During pregnancy a woman’s cervix softens and has an increased blood supply. For some women, sexual intercourse can sometimes cause light bleeding in the hours or days that follow. This should settle down when resuming sex after the birth of your baby. Be aware that having sex may not always be the reason for the bleeding (just a coincidence). Therefore, let your caregiver know if bleeding has occurred.
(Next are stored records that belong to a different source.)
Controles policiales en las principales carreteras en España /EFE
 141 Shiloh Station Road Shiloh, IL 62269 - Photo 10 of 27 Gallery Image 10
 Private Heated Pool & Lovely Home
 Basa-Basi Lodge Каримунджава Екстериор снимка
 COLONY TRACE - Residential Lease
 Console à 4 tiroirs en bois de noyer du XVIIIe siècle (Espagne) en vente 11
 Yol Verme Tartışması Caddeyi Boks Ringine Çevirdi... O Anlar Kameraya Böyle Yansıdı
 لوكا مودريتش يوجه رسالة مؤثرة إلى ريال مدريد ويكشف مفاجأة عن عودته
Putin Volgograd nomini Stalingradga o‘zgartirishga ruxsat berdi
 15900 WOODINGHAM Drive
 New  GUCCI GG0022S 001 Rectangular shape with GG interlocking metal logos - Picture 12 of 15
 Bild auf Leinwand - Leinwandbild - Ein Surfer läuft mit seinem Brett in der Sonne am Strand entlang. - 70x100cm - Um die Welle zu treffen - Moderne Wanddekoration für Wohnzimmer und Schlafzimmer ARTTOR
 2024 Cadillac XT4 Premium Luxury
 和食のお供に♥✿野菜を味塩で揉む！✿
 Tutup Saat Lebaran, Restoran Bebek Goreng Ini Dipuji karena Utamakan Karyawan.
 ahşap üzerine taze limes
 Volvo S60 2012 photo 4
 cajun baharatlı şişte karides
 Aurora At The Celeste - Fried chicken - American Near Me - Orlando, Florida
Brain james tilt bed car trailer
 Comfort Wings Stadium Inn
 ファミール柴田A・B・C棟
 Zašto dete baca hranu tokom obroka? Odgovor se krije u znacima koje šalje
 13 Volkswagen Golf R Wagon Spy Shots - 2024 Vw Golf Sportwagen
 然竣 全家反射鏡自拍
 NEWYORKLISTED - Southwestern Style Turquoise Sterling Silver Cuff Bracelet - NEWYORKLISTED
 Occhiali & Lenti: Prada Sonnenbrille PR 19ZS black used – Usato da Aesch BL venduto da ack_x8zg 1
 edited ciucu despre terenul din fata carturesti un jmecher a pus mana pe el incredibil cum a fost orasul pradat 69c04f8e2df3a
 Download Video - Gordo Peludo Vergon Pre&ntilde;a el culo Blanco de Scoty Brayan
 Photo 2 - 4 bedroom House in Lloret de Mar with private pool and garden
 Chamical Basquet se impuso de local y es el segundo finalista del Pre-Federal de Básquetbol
Cell changes in the cervix

Vaginal bleeding may be a sign that the cervix is experiencing cell changes that could possibly lead to cervical cancer at some stage in the future. (This can happen for women who are not pregnant as well.) Ideally, you would have had a pap test in the previous year or two before the pregnancy or at your first pregnancy visit. However, if it has been longer since you have had a pap test, or your last pap test showed some mild cell changes, your caregiver may suggest a repeat test, and/or a microscopic examination of the cervix called a colposcopy. In most cases, cell changes in the cervix and any investigations used to look at them should not affect your pregnancy and treatments (if they are needed) can be delayed until after the birth.

Blood from the anus

When women are heavily pregnant, it can be hard to know what is going on ‘around the bottom area’. Sometimes haemorrhoids of the rectum can bleed after going to the toilet to open the bowels. Some women cover their anus with folded toilet paper in one hand and use the other hand to wipe paper on the vaginal area to help make the picture clearer. Bleeding haemorrhoids are generally not of concern and should improve after the birth.

No one knows why

Often the cause of the vaginal bleeding remains unknown. Many pregnant women are examined for bleeding without finding a definite cause (about 30 %). All ultrasounds done appear normal, the baby appears healthy and is growing and everything seems well. The bleeding may never happen again during the pregnancy, or light spotting may occur periodically. If you start to bleed again, let your caregiver know.